At a median follow-up of 14.29 years, all outcomes were significantly worse in the high-risk group than in the intermediate-risk group.
The intermediate-risk group had a lower rate of biochemical failure than the high-risk group (22.3% vs 30.6%; P =.001). The intermediate-risk group also had lower rates of distant metastasis (6.8% vs 13.3%; P <.001) and prostate cancer-specific mortality (5.3% vs 12.1%; P <.001).
The intermediate-risk group had a higher rate of distant metastasis-free survival than the high-risk group (52% vs 35.4%; P <.001) and a higher rate of overall survival than the high-risk group (53% vs 36.8%; P <.001).
The time to adverse outcomes was shorter among patients with high-risk disease than among those with intermediate-risk disease.
In a multivariable analysis, high-risk classification was associated with worse outcomes, including:
- Prostate cancer-specific mortality (hazard ratio [HR], 2.10; 95% CI, 1.38-3.20; P <.0001)
- Distant metastasis (HR, 1.80; 95% CI, 1.23-2.64; P <.01)
- Biochemical failure (HR, 1.41; 95% CI, 1.13-1.76; P <.01)
- Distant metastasis-free survival (HR, 1.40; 95% CI, 1.2-1.64; P <.0001)
- Overall survival (HR, 1.38; 95% CI, 1.18-1.62; P <.0001).
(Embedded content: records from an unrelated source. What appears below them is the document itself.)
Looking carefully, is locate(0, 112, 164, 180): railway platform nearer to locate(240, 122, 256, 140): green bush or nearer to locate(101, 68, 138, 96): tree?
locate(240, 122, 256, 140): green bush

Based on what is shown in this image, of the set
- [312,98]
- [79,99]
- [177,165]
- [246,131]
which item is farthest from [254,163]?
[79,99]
“In a very homogeneous population, treated at the same time by the same centers …, NCCN classification used upfront demonstrated its ability to discriminate outcomes between intermediate- and high-risk prostate cancer,” Dr Nabid concluded.
Reference
Nabid A, Carrier N, Vigneault E, et al. Comparison of outcomes using NCCN classification in two concurrent phase III trials in intermediate and high risk prostate cancer: Long-term data. NCCN 2023. March 31-April 2, 2023. Abstract CLO23-025.